保険証のペーパーレスとマイナンバーカードへの紐付けの行方

 行政は従来の健康保険証を無くして,マイナンバーカードとの紐づけを推進しているが,利用者は少なく,超高齢者,一人暮らし,認知症の人も多く,ペーパーレスは難しく感じ,結局どういう方向性に進むかが問われた。

〈回答〉
 12月から保険証の新規発行が終了し,原則,マイナ保険証による受診に移行するものの,マイナ保険証の利用率は6月時点で全国9.9%,京都で10.73%と低迷しているのは,政府が強引かつ拙速に決定した保険証廃止への不安や,保険者が被保険者情報を誤登録していた問題に起因していることから,第一に政府が国民の不安解消に努め,保険者が利用の啓発に努める必要があると回答した。
 また,高齢者や認知症の方などマイナ保険証の利用が難しい方が医療機関を受診できなくなることがあってはならないとして,オンライン資格確認システムを導入できない医療機関も,マイナ保険証を理由に閉院されることがないよう,紙による資格確認の方法も経過措置として残すべきとの考えを示した。
 長島日医常任理事は,健康保険証の新規発行は廃止になる一方で,マイナ保険証を申請していない者には実質的に健康保険証と全く同じ資格確認書が交付されることを説明した。医療機関でマイナ保険証が利用できなかった場合でも過去の受診歴や申立書を記入することで適正な自己負担額で保険診療が受けられるが,国民が安全に利用できるよう国に要望していくとした。

行政への対応

 過去4年間にわたるコロナ禍では,コロナ検査センター,予防接種,発熱外来,入院治療まですべての医師が関わった一大事業であったが,行政はコロナ禍が収まった途端に手のひらを返すように,医者は儲けすぎたといわんばかりに保険点数改悪に踏み切ったとして,日医の努力によりこの程度で収まったものの,府医としての見解が求められた。

〈回答〉
 コロナ禍においては,発熱外来に加えて,検査センターやホテル療養への出務,ワクチン接種などに奮闘したにもかかわらず,財務省はその補助金等で診療所は儲けすぎだと恣意的な調査結果をもとに,マイナス改定ありきの主張が行われ,財源の使途や適正化が大臣折衝で決定し,中医協での議論の裁量が縮小していることなどに対して,忸怩たる思いであるとの考えを示した。この状況を打開するためには,医療に関する制度や政策が決定するプロセスに日医が深く関与する必要があるとして,日医の意見をより説得力のあるものにするためにも,医師会の組織力強化とともに,医政活動の重要性を強調し,理解を求めた。

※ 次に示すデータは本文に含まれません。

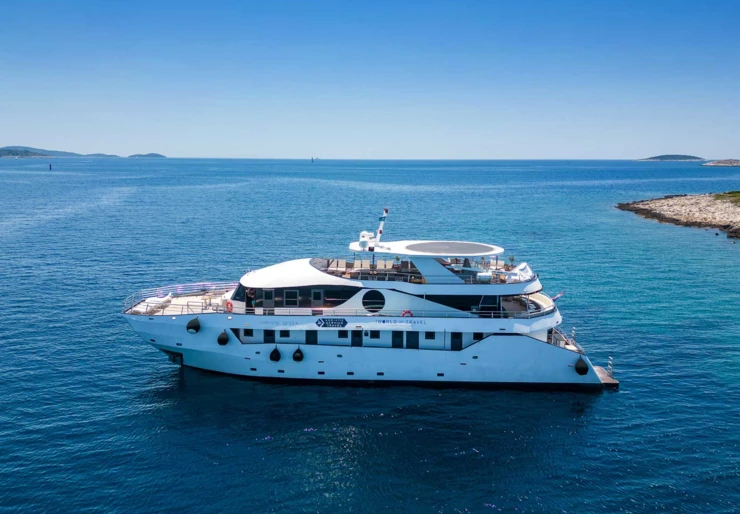 Adriatic Queen Port de Split | MB Adriatic Queen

今回の診療報酬改定の評価と次回の改定に向けての活動方針

 今回の診療報酬改定の評価と大臣折衝などで改定財源の使途が決まってしまう昨今の傾向に対して,医師会としての今後の活動方針について質問が出された。
 また,今回は,社会保障費の抑制という経済的側面からの視点のみで改定が行われた印象があり,医薬品でジェネリックへの誘導をしながら薬価を下げ続けた結果,ジェネリックメーカーの生産現場からの撤退が始まるといった医薬品不足が深刻化している現状に対して,府医の見解を求めた。

〈回答〉
 今回の診療報酬改定について,まず本体は+0.88%で決着したが,純粋に使える財源が非常に少ないとして,本来診療報酬で対応する必要のないものについては,補助金などで対応されるべきとの考えを示し,中医協で十分議論ができるような財源が確保されることが望ましいとした。
 また,医薬品不足については,国の強引なジェネリック推進による構造的な問題であるとして,医療に関する制度や政策決定プロセスに関与する必要性を改めて強調した。
 長島日医常任理事からは,ベースアップ評価料を算定している医療機関(診療所)が約3割に留まっているため,次回の診療報酬改定において,不要な点数と判断されないためにも積極的に届出・算定していただくよう理解を求めた。